The Software Package Data Exchange (SPDX) is a Linux Foundation project to help reduce the ambiguity of software by defining standards for reporting information. The license is one such piece of information. SPDX provides a format for listing the specific license variant and version that applies to a software package. With over 300 licenses, you're likely to find the one you use. The License List contains a human-friendly name, a short name, and a link to the full license text. SPDX also provides guidelines for matching the text of a license file to the official text of the license.

The SPDX Working Group recently released version 3.0 of the License List. This major revision includes clarified identifiers for GPL versions, improved matching guidance, and a new master format for the list. The new format replaces a spreadsheet and text files in favor of an XML-style template. This allows for richer expression of fields within the licenses.

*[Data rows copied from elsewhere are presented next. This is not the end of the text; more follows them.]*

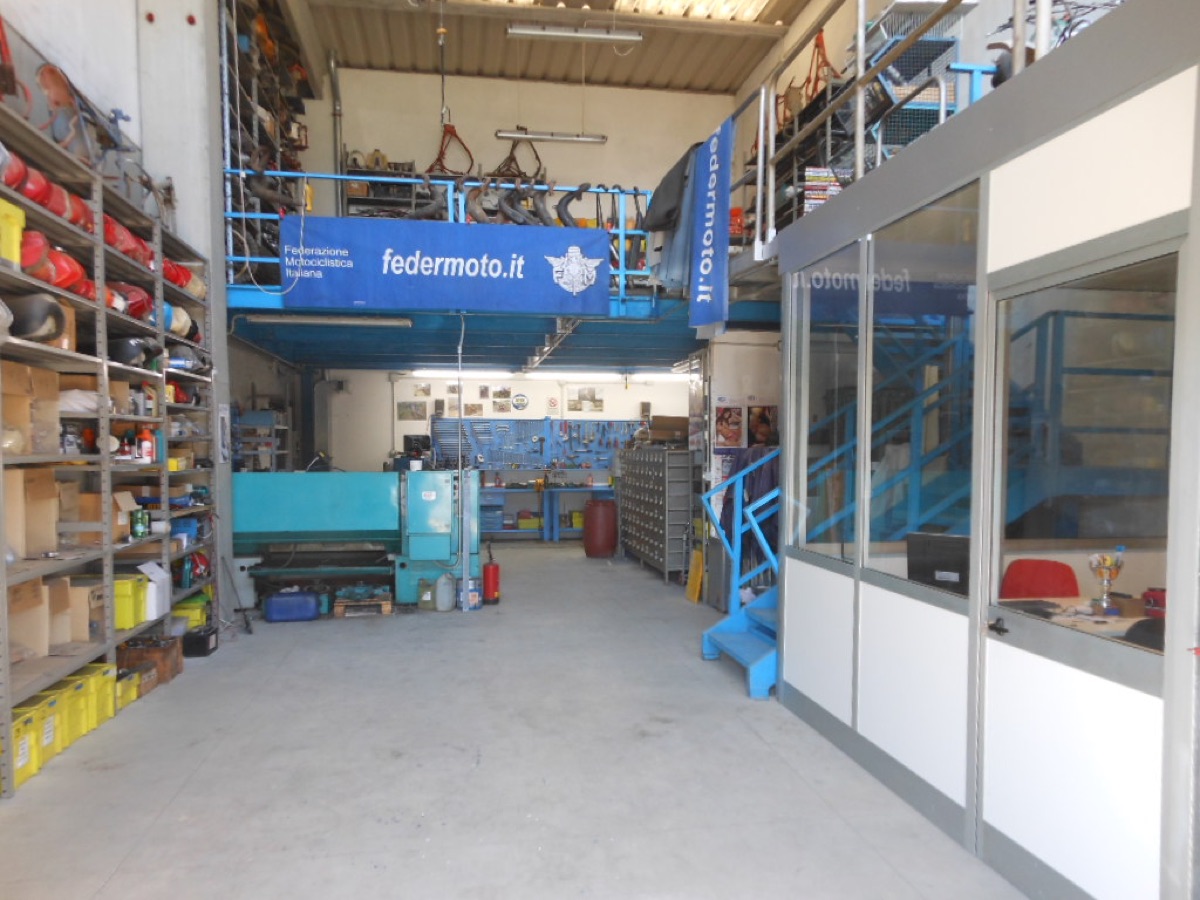 La corsia centrale dell'officina Old Cross a Uzzano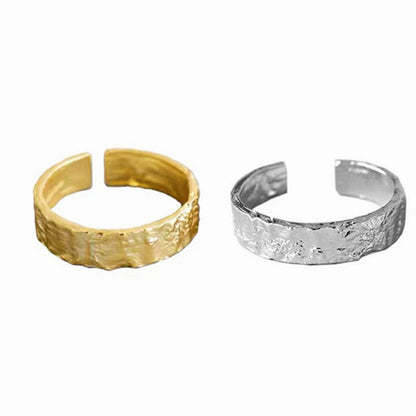 Classic Gold Ring with Timeless Appeal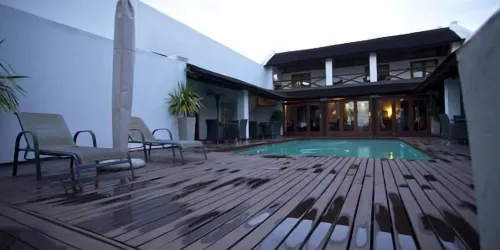 Dundi Lodge Augrabies Falls Hotels in Benede Oranje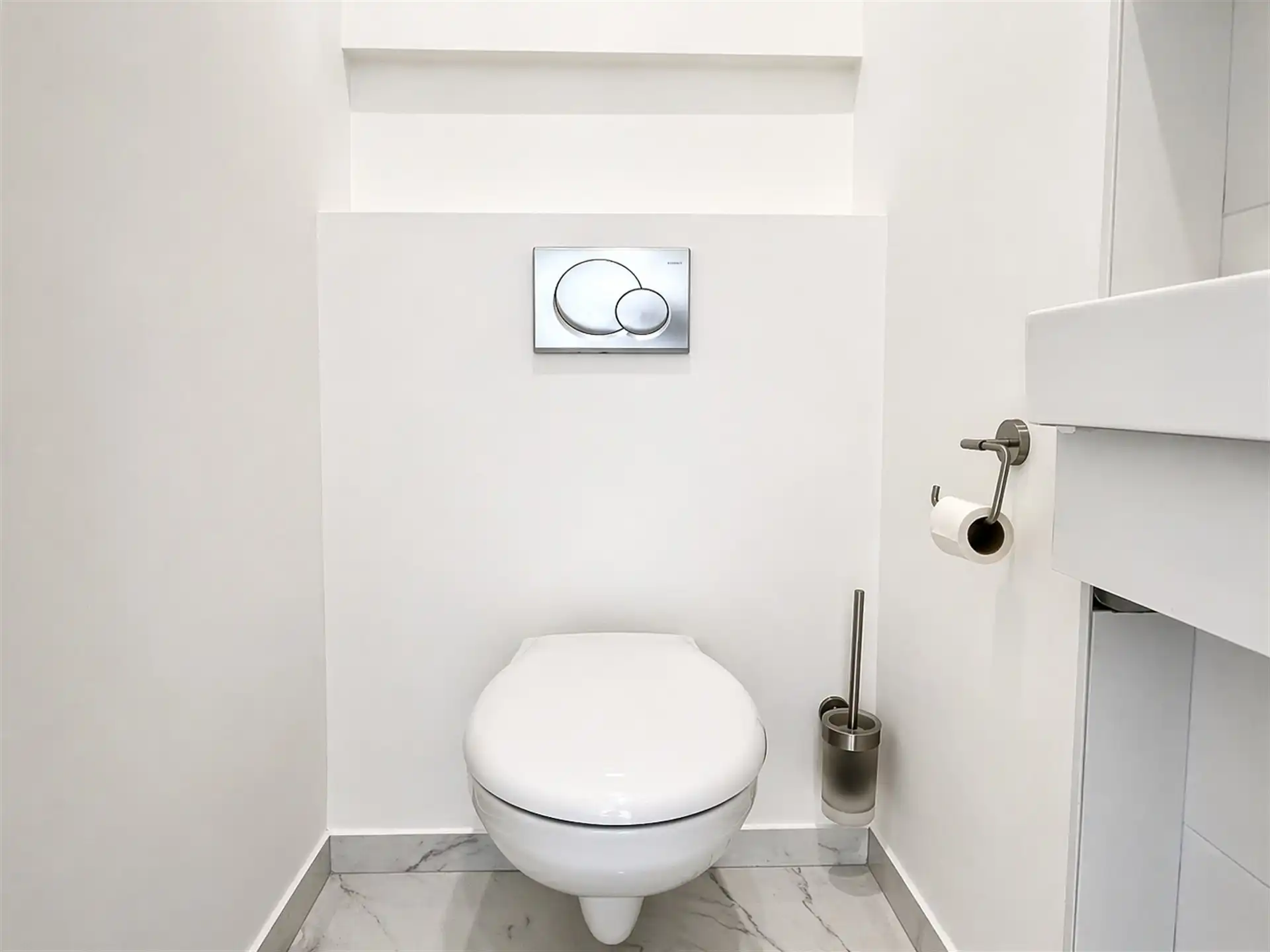 ruim appt met veel lichtinval in hartje Wilrijk! foto 10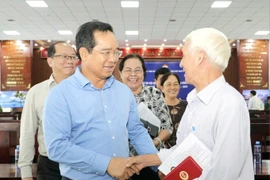 Chủ tịch UBND TPHCM Nguyễn Văn Được trao đổi với cử tri tại hội nghị.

Having an unambiguous license-communication mechanism might not seem very important to the developer, but it is to downstream developers. This is particularly true for commercial developers who may need to provide their customers a bill of materials that includes the component software packages. Or maybe the legal department wants to know what open source licenses are in use so they can help ensure compliance.

Whatever the reason, with the SPDX standard and tools such as the SPDX Working Group's own community-supported or commercial tools, developers have a way of communicating software licenses in a clearly understood way.

Ben Cotton is a meteorologist by training, but weather makes a great hobby. Ben works as the Fedora Program Manager at Red Hat. He co-founded a local open source meetup group, and is a member of the Open Source Initiative and a supporter of Software Freedom Conservancy. Find him on Twitter (@FunnelFiasco) or at FunnelFiasco.com.


Thanks for the article.

I think it would have been cool if the article would have shown examples on how to apply SPDX to source code in some prominent languages and/or project styles if appropriate.

Are there tools to see if a project really confirms to some SPDX license? Or to ensure that each file has a SPDX header?

How does SPDX work with the classical license headers that e.g. say "this is released under license XYZ and you may do bla blah" - is that still needed with SPDX?